Never allow anyone to utter the phrase “toxic masculinity” without also enumerating the magnificent achievements and sublime sacrifices of masculinity.  Never allow anyone to utter the phrase “toxic masculinity” without also discussing “toxic femininity.”  Never allow anyone to utter the phrase “toxic masculinity” without stating a plan to help boys and men.  Boys and men suffer in a matriarchy that ignores our health needs; ignores disparities in criminal sentencing, ignores the education of boys, ignores false rape accusations, ignores the greater degrees of homelessness, suicide, addiction and poverty of men (blaming it on toxic masculinity)—far in excess of how women are affected and lies about gender wage gaps.

Male bodies fill the tombs in Arlington.  Our brothers died in advance of this war that is now beginning.  Visit the tombs of your brothers in the war cemeteries and ask them for guidance as we wage this war against toxic feminism.

For myself: Gillette will never be mentioned in my home, again.

We are at turning point.

Now I know what that silence was like on that beach on Phuket Island before the ocean disagreed with the land.

Those people—at Gillette, and the feminist media—had no idea what was coming.

There is a Japanese saying to the effect that sometimes one must move with the intensity of a fire, sometimes with the invisibility of the wind and other times, must be motionless like a mountain.

The fire, this time, was the tsunami.  It raged.  Calm returns.

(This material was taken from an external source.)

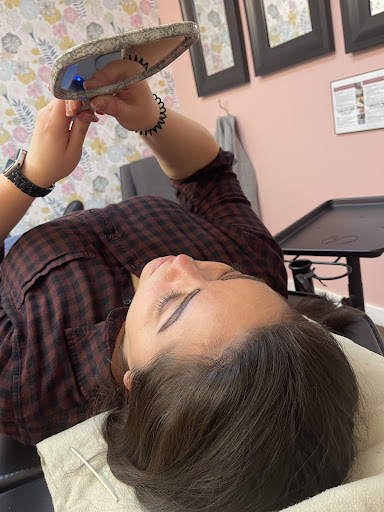 Explore men's side neck tattoo ideas, creative tattoo ideas in Peoria Heights, available at BeautiFULL Brows By Jen Microblading - Permanent Makeup Wild Honey Beauty Studio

This is the time to move like the wind and wait like a mountain.

Keep posting on Gillette sites: they will be taken down, so post them again.  Do it every day.

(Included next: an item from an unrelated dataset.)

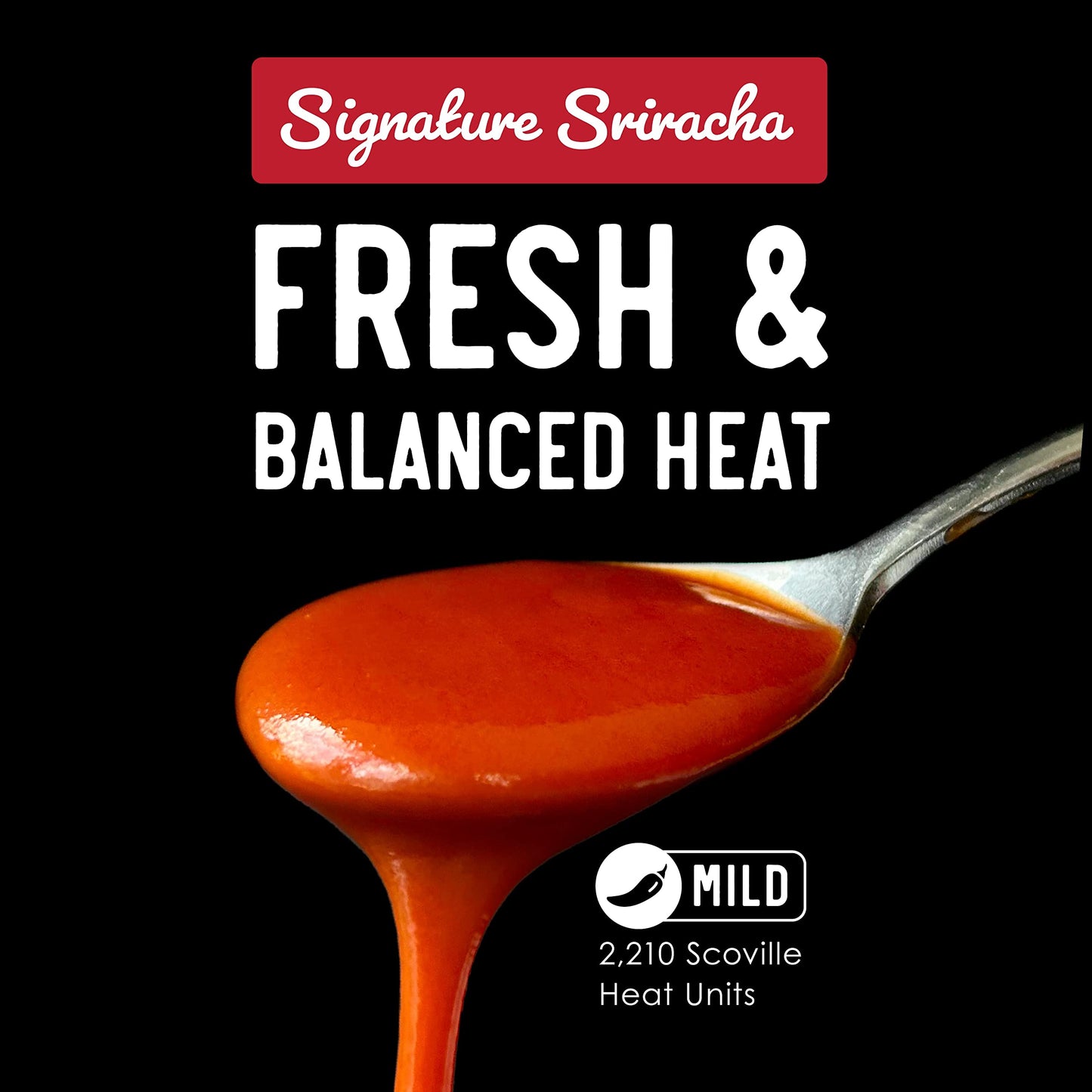 Fix Hot Sauce, Sriracha Hot Sauce     Organic, Gourmet, Red Chili Peppers, Spicy & Bold Flavor, Non-GMO     Great in Vietnamese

Contact the company that made the film: Somesuch.co,

Contact the company that organized the advertising: Gray advertising.

Do not stop calling Gillette.  By taking the phone lines for this issue, they make no profit on others sales.  It takes a minute to call and costs little.

Explain to one man each week why he should not purchase Gillette.

Speak to store managers and ask they drop Gillette products.  Do this every time you shop.

If you buy razors and see another man standing there, stop and talk with him.

Contact the NFL and make sure the Gillette commercial is not played during the Superbowl (do this soon).

Every day remind yourself and know this: “Masculinity is beautiful.”

Vote.  Yes, vote.   Attend political meetings and object when you hear the phrase “war on women,” and speak about the war on boys.  Appeal to mothers of sons.  We know the empress has no clothes.

Move like the wind.

Ignore the media lies that the response failed. Wait for the sales reports and marketing shares.

Wait like a mountain.

Surely, there are so many men who have gone before and led the way: Paul Elam, Warren Farrell, Angry Harry, Mike Buchanan, Jordan Peterson and many others.  My final words, then, are not to discredit the efforts of these previous men by insinuating that the real battle is about to begin (for they waged the opening volleys), but we must still remember the words of General Yamamoto:

“I fear all we have done is to awaken a sleeping giant and fill him with terrible resolve.”